BEGIN Recorded data

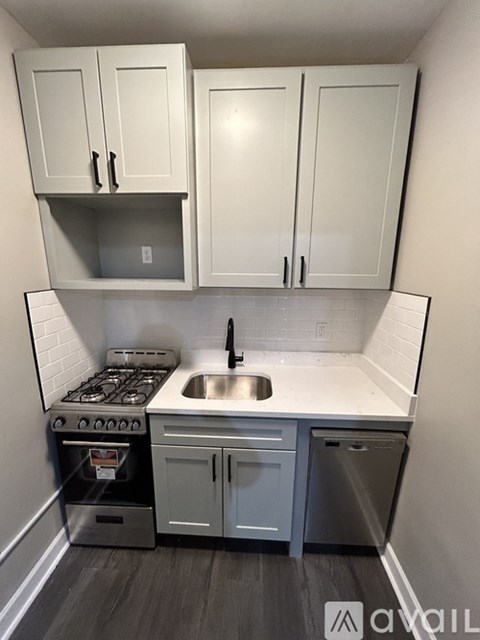 A kitchen with white cabinets and a stove top oven.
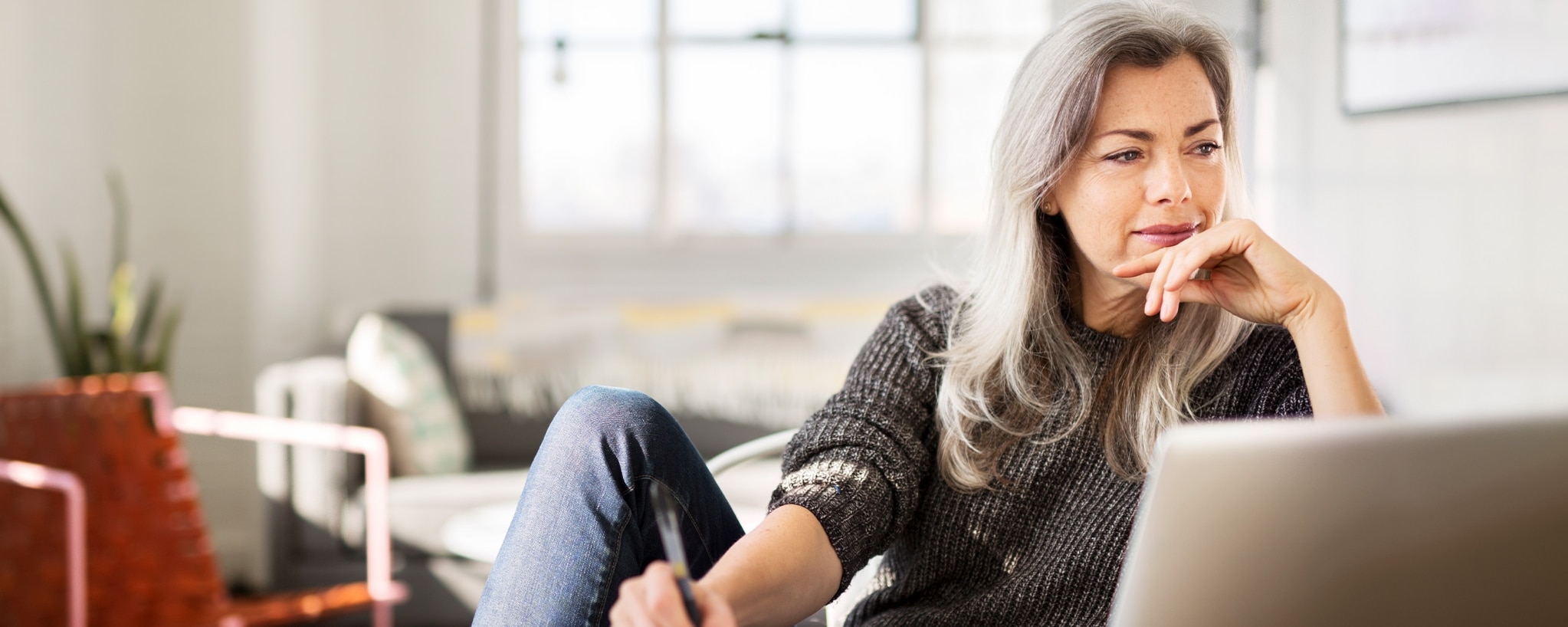 A person sitting down at a table writes something on a piece of paper.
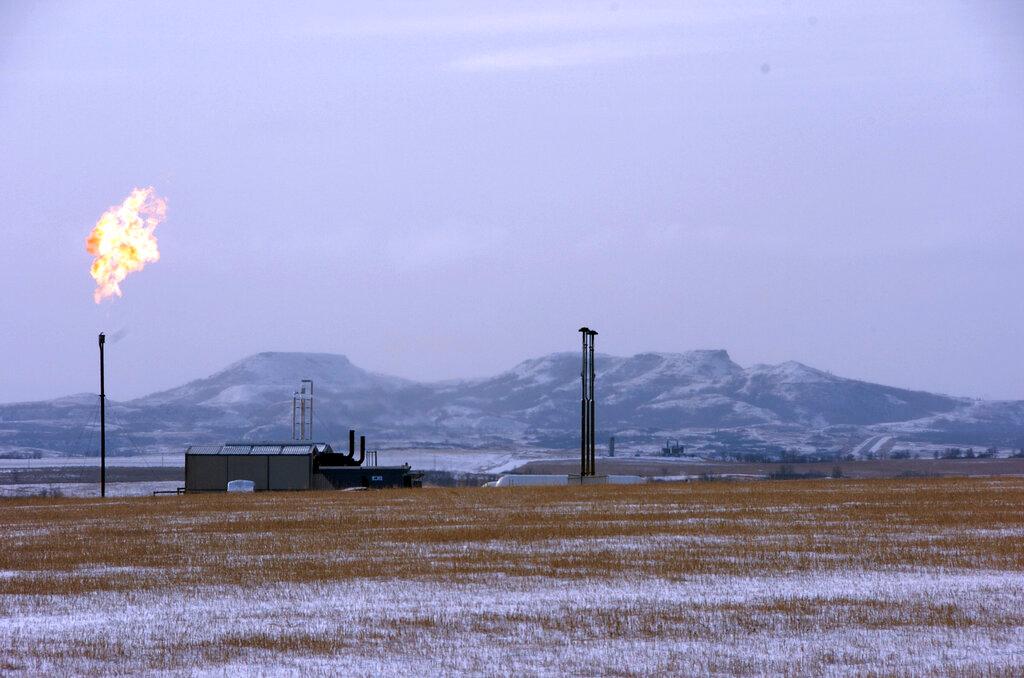 In this Feb. 25, 2015, file photo, a gas flare is seen at a natural gas processing facility near Williston, North Dakota. The US is due to release oil and gas methane regulations in the coming weeks and the European Union will unveil detailed methane legislation later this year. Photo: AP
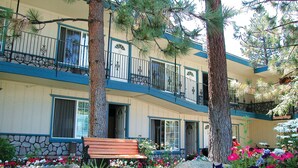 Un edificio de varios pisos con fachada de piedra, balcones con barandillas metálicas y un jardín con flores y un banco.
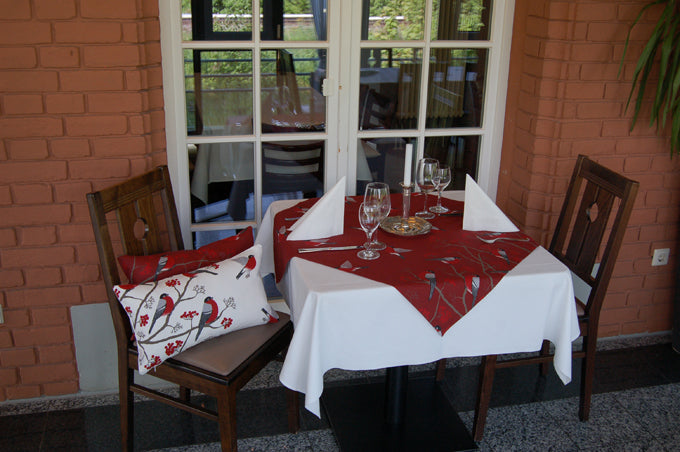 Rote Mitteldecke mit rot-grau-schwarzen Voegeln auf einem Tisch. Teilweise fliegend und teilwiese sitzen die Voegel auf Zweigen mit roten Beeren.
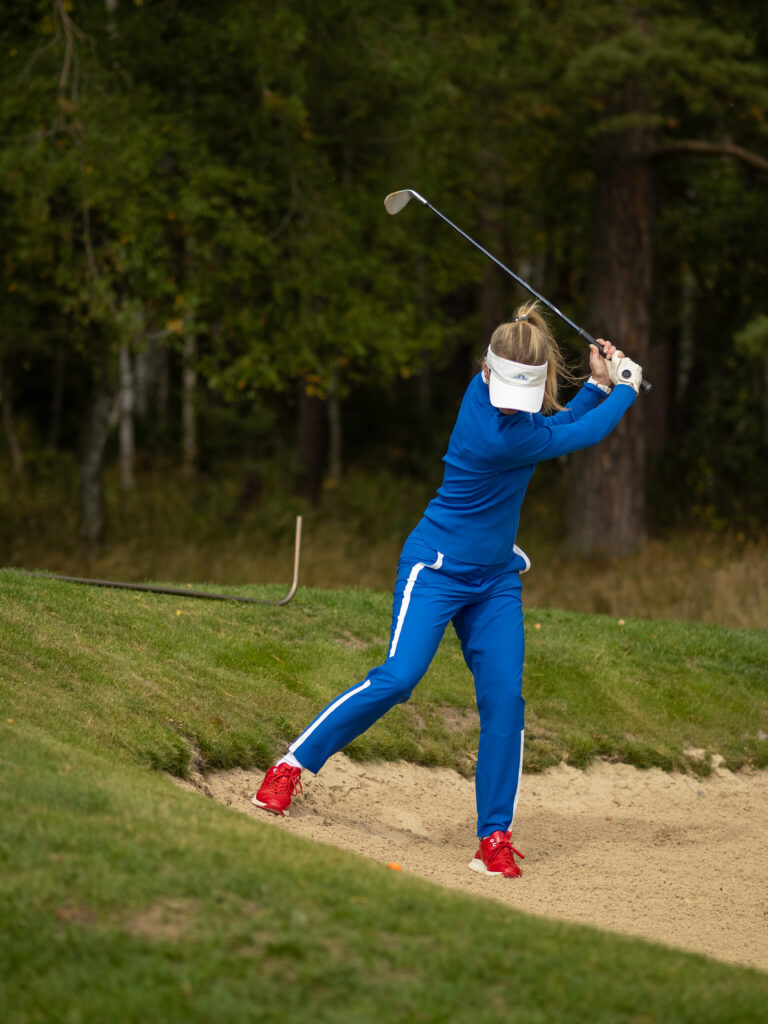 Hráčka golfu odpaľuje loptičku z pieskovej duny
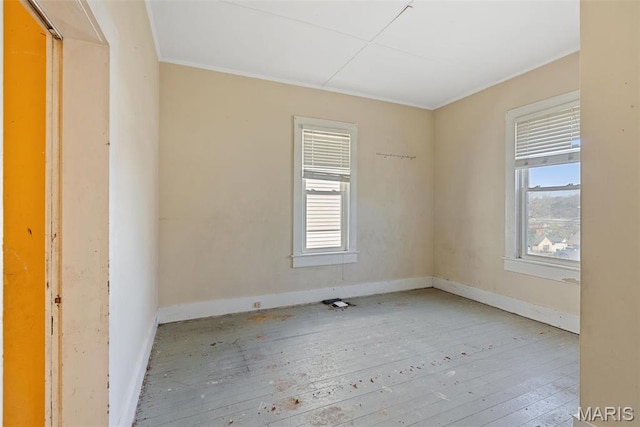 104 S 4th St, De Soto, MO 63020 - unfurnished room featuring plenty of natural light, hardwood / wood-style floors, and ornamental molding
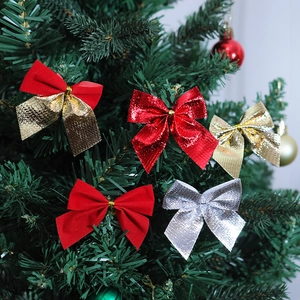 Mini velvet and glitter Christmas bows hanging on a green festive tree for holiday decor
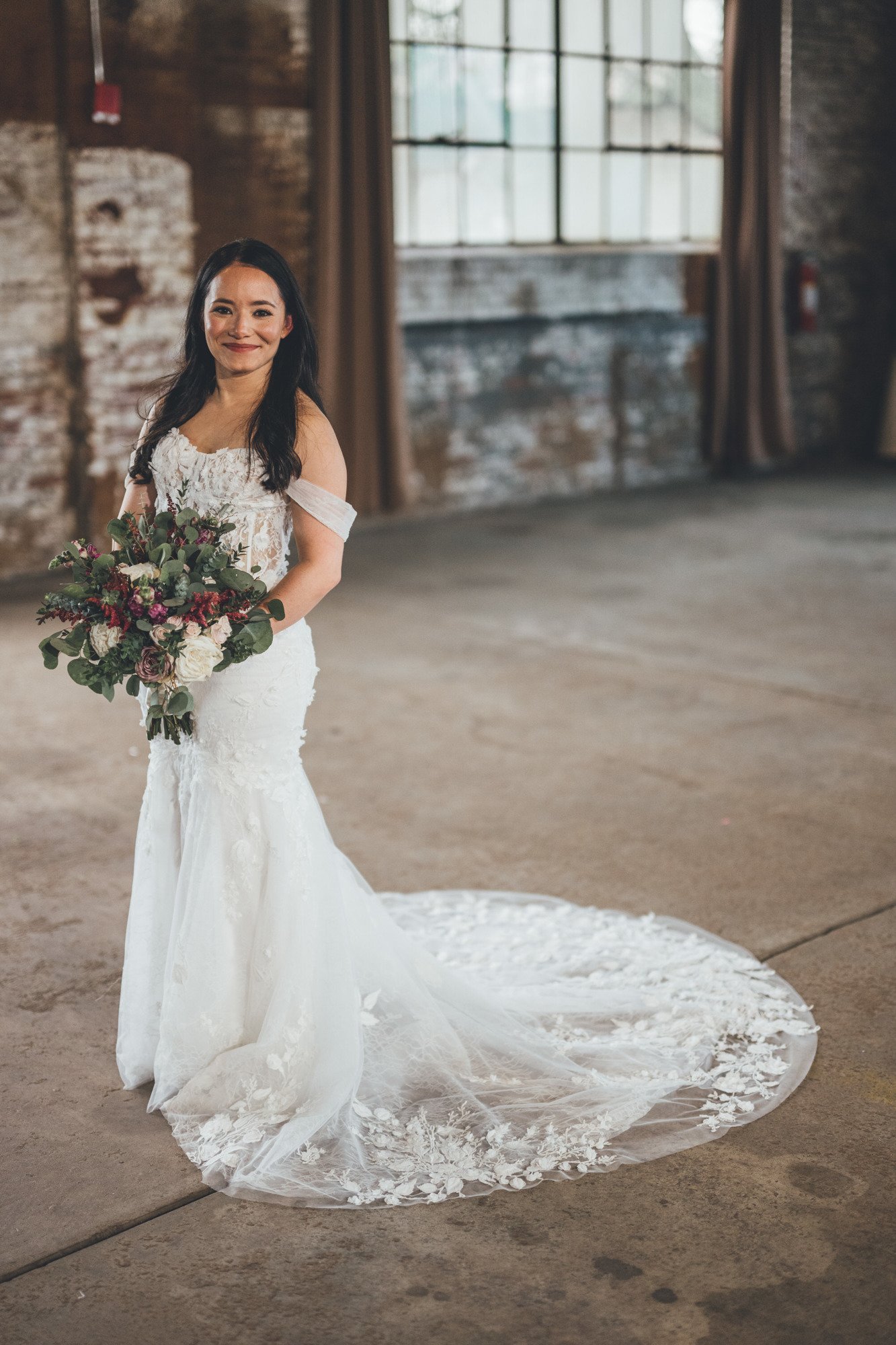 Bow Tie Photo & Video bride poses at The Glass Factory in Jacksonville, Florida ahead of wedding ceremony.jpg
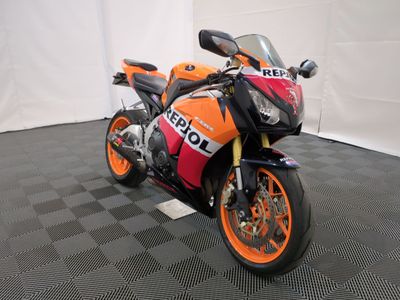 a motorcycle that is sitting on the floor in the room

END Recorded data

Task goal.
Repeat exactly and only the lines from the start of the data above through the line that holds "Mini velvet and", inclusive. Pictures do not belong in the copy.

Solution for this problem.
 A kitchen with white cabinets and a stove top oven.
 A person sitting down at a table writes something on a piece of paper.
 In this Feb. 25, 2015, file photo, a gas flare is seen at a natural gas processing facility near Williston, North Dakota. The US is due to release oil and gas methane regulations in the coming weeks and the European Union will unveil detailed methane legislation later this year. Photo: AP
 Un edificio de varios pisos con fachada de piedra, balcones con barandillas metálicas y un jardín con flores y un banco.
 Rote Mitteldecke mit rot-grau-schwarzen Voegeln auf einem Tisch. Teilweise fliegend und teilwiese sitzen die Voegel auf Zweigen mit roten Beeren.
 Hráčka golfu odpaľuje loptičku z pieskovej duny
 104 S 4th St, De Soto, MO 63020 - unfurnished room featuring plenty of natural light, hardwood / wood-style floors, and ornamental molding
 Mini velvet and glitter Christmas bows hanging on a green festive tree for holiday decor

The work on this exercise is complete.